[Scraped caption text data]
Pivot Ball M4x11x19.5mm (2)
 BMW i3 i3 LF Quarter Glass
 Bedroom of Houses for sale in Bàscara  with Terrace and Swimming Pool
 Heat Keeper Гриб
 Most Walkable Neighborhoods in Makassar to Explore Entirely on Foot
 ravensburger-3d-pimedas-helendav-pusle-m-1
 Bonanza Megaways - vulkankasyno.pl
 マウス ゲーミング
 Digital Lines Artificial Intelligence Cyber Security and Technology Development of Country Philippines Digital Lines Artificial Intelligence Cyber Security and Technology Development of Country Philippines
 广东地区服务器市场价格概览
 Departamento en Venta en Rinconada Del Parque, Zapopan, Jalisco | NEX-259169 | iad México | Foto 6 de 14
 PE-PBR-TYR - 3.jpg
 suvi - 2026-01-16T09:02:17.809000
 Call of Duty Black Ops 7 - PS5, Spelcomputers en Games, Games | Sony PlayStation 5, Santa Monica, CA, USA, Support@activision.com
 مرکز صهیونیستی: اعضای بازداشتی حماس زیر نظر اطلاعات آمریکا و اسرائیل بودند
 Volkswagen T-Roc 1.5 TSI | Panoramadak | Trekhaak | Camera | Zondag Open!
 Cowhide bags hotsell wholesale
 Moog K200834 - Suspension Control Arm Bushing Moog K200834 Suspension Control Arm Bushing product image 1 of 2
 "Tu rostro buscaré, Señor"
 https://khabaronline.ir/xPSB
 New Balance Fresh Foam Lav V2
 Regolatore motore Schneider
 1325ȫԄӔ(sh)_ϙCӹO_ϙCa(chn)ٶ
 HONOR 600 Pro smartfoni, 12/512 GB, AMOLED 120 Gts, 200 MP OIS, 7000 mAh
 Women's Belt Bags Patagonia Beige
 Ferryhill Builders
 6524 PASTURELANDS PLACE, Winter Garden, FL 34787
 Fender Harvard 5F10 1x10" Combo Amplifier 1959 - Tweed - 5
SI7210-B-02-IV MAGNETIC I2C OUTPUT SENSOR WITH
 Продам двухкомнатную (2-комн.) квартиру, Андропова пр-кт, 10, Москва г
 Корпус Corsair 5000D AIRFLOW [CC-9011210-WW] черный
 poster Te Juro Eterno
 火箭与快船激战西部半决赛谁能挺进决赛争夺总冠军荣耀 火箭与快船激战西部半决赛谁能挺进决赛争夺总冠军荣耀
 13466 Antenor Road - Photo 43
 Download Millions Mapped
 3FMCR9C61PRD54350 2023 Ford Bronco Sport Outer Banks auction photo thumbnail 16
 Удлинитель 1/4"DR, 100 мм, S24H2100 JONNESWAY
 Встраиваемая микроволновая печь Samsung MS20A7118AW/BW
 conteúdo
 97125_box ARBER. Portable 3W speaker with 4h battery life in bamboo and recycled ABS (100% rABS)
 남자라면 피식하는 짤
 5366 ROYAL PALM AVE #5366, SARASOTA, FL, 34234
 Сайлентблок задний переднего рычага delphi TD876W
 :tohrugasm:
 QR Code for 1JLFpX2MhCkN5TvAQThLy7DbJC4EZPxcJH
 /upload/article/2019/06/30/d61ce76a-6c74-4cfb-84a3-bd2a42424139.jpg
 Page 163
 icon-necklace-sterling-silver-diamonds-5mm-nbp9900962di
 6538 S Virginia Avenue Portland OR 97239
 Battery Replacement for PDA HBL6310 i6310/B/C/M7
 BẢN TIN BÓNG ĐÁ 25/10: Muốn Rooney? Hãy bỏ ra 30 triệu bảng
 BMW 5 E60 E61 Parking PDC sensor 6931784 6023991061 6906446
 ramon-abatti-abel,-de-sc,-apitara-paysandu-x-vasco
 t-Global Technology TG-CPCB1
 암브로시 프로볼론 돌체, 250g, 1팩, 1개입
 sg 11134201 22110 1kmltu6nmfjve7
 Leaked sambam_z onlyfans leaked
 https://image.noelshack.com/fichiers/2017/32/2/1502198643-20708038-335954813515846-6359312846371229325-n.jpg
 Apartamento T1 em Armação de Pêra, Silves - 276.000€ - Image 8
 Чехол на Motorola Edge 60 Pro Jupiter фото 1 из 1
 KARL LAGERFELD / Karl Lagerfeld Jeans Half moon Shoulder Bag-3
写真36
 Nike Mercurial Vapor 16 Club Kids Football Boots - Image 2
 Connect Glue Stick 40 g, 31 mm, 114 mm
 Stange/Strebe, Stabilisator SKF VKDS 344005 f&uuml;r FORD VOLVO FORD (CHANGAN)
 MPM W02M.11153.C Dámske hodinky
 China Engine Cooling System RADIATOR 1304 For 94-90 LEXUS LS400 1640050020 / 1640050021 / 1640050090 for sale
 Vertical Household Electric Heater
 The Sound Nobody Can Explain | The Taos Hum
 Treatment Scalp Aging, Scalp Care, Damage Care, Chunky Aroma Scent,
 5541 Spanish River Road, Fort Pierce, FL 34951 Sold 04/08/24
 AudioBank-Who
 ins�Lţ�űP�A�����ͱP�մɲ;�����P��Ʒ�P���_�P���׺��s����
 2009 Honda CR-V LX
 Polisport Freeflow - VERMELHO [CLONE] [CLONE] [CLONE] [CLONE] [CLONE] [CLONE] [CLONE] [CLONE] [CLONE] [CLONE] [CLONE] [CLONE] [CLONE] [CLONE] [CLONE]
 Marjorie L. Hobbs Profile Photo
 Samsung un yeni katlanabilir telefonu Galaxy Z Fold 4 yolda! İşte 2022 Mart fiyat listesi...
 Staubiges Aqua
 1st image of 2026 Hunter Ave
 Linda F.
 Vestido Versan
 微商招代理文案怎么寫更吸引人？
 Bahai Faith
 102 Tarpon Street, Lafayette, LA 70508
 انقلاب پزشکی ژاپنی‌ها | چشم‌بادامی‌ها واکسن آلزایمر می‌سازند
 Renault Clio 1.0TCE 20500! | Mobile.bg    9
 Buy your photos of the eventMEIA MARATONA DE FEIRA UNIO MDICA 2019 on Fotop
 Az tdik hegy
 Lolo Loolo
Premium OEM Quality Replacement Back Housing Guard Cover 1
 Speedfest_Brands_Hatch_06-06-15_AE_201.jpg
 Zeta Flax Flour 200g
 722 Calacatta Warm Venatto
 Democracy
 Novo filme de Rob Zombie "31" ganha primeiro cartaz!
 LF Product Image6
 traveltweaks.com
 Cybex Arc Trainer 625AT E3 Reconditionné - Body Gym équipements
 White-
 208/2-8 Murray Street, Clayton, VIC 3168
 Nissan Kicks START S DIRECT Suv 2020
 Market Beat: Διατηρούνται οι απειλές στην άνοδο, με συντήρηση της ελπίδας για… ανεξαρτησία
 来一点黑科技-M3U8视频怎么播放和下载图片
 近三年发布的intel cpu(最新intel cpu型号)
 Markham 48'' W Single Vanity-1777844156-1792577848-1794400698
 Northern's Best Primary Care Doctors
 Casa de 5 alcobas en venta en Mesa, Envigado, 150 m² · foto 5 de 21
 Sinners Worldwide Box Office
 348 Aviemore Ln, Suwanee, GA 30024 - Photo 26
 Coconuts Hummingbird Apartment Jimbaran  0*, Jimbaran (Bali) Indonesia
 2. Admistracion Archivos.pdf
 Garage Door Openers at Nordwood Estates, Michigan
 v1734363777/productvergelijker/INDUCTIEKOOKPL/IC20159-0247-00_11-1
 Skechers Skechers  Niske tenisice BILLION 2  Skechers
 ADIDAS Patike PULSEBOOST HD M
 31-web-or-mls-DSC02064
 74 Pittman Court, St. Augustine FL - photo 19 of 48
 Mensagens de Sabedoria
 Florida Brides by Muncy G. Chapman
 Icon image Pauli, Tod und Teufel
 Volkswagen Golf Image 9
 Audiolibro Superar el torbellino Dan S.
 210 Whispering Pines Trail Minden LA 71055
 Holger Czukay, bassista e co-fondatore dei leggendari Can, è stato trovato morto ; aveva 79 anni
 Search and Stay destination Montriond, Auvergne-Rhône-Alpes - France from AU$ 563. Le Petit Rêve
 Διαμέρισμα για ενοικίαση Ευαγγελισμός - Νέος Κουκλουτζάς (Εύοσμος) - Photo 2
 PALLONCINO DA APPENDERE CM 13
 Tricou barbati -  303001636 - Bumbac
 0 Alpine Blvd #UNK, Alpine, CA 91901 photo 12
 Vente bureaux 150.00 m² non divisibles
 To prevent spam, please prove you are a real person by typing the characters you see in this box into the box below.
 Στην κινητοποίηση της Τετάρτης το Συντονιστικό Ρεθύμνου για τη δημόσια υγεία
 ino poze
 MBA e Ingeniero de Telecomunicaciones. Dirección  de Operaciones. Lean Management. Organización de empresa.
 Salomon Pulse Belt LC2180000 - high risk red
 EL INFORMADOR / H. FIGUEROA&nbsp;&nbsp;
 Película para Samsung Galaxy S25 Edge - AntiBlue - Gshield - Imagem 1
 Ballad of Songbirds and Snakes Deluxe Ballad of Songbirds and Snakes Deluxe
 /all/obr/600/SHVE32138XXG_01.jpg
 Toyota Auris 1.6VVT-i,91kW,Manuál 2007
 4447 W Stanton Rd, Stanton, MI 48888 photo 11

Problem to solve:
An exact copy of the lines above, from the one containing "Stange/Strebe, Stabilisator SKF" through the one containing "来一点黑科技-M3U8视频怎么播放和下载图片", is the whole of the answer.

Answer space:
 Stange/Strebe, Stabilisator SKF VKDS 344005 f&uuml;r FORD VOLVO FORD (CHANGAN)
 MPM W02M.11153.C Dámske hodinky
 China Engine Cooling System RADIATOR 1304 For 94-90 LEXUS LS400 1640050020 / 1640050021 / 1640050090 for sale
 Vertical Household Electric Heater
 The Sound Nobody Can Explain | The Taos Hum
 Treatment Scalp Aging, Scalp Care, Damage Care, Chunky Aroma Scent,
 5541 Spanish River Road, Fort Pierce, FL 34951 Sold 04/08/24
 AudioBank-Who
 ins�Lţ�űP�A�����ͱP�մɲ;�����P��Ʒ�P���_�P���׺��s����
 2009 Honda CR-V LX
 Polisport Freeflow - VERMELHO [CLONE] [CLONE] [CLONE] [CLONE] [CLONE] [CLONE] [CLONE] [CLONE] [CLONE] [CLONE] [CLONE] [CLONE] [CLONE] [CLONE] [CLONE]
 Marjorie L. Hobbs Profile Photo
 Samsung un yeni katlanabilir telefonu Galaxy Z Fold 4 yolda! İşte 2022 Mart fiyat listesi...
 Staubiges Aqua
 1st image of 2026 Hunter Ave
 Linda F.
 Vestido Versan
 微商招代理文案怎么寫更吸引人？
 Bahai Faith
 102 Tarpon Street, Lafayette, LA 70508
 انقلاب پزشکی ژاپنی‌ها | چشم‌بادامی‌ها واکسن آلزایمر می‌سازند
 Renault Clio 1.0TCE 20500! | Mobile.bg    9
 Buy your photos of the eventMEIA MARATONA DE FEIRA UNIO MDICA 2019 on Fotop
 Az tdik hegy
 Lolo Loolo
Premium OEM Quality Replacement Back Housing Guard Cover 1
 Speedfest_Brands_Hatch_06-06-15_AE_201.jpg
 Zeta Flax Flour 200g
 722 Calacatta Warm Venatto
 Democracy
 Novo filme de Rob Zombie "31" ganha primeiro cartaz!
 LF Product Image6
 traveltweaks.com
 Cybex Arc Trainer 625AT E3 Reconditionné - Body Gym équipements
 White-
 208/2-8 Murray Street, Clayton, VIC 3168
 Nissan Kicks START S DIRECT Suv 2020
 Market Beat: Διατηρούνται οι απειλές στην άνοδο, με συντήρηση της ελπίδας για… ανεξαρτησία
 来一点黑科技-M3U8视频怎么播放和下载图片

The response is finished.